> **TASK ITEM**
Where the listing shows an image, skip it and output all other material unchanged.

> **DATA EXCERPT**
━━━━━━━━━━━━━━━━━━━━

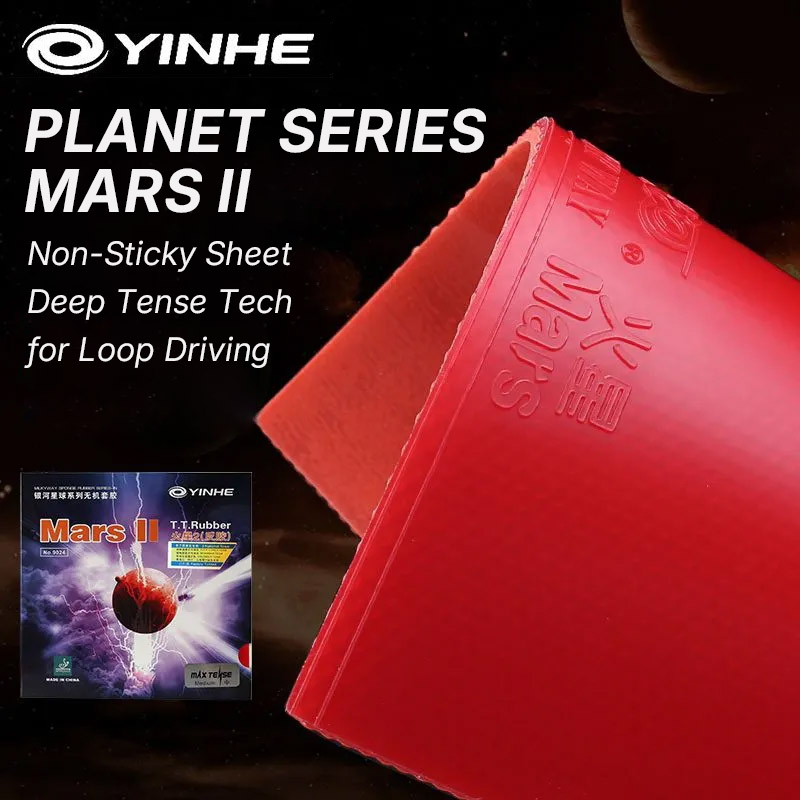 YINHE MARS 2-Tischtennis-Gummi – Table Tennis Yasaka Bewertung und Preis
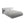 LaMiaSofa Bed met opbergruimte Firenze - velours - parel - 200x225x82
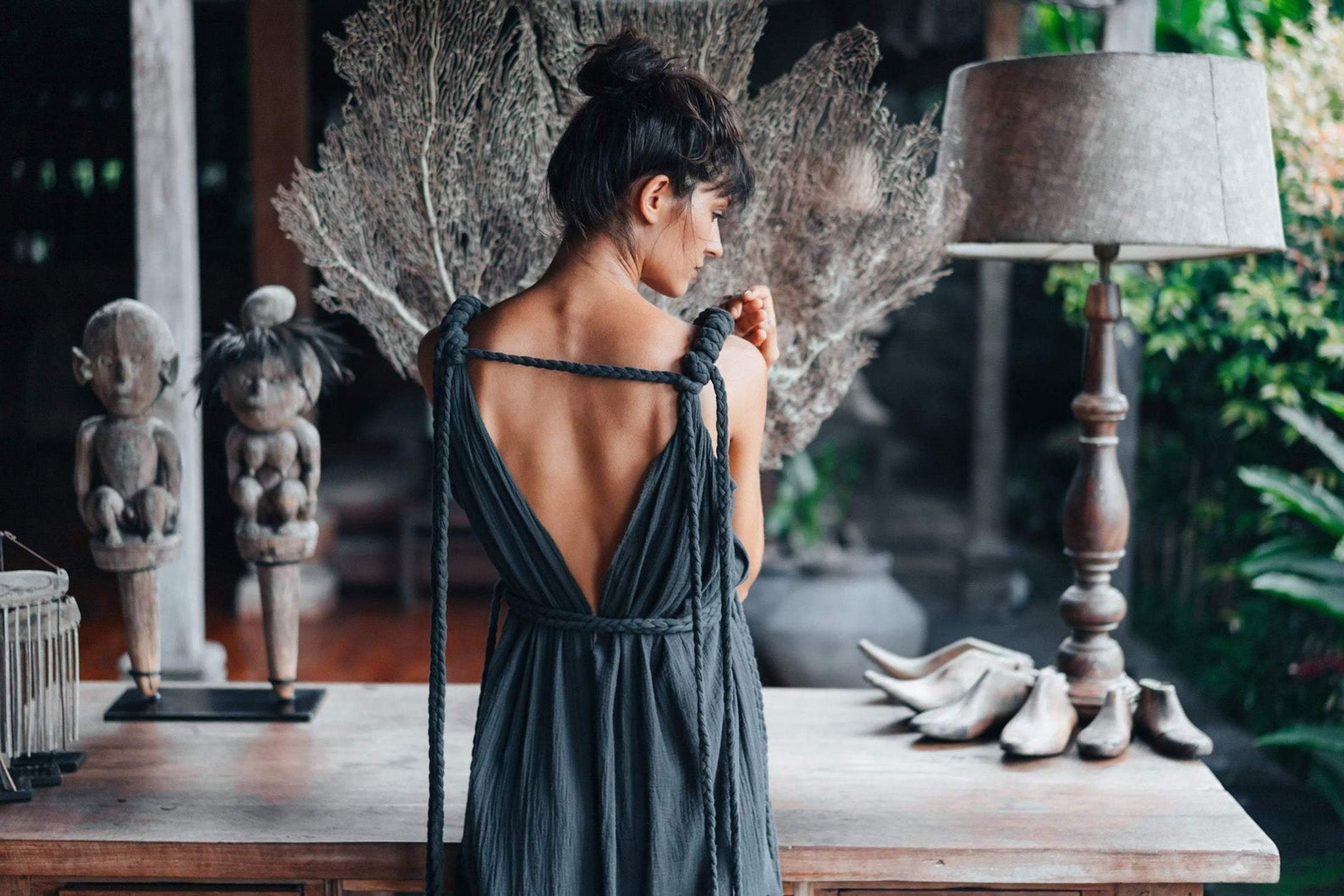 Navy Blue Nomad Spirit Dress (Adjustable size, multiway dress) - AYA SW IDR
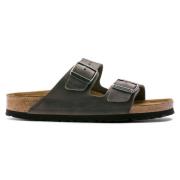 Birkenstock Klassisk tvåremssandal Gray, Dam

━━━━━━━━━━━━━━━━━━━━

> **OUTPUT OF THE TASK**
 YINHE MARS 2-Tischtennis-Gummi – Table Tennis Yasaka Bewertung und Preis
 LaMiaSofa Bed met opbergruimte Firenze - velours - parel - 200x225x82
 Navy Blue Nomad Spirit Dress (Adjustable size, multiway dress) - AYA SW IDR
 Birkenstock Klassisk tvåremssandal Gray, Dam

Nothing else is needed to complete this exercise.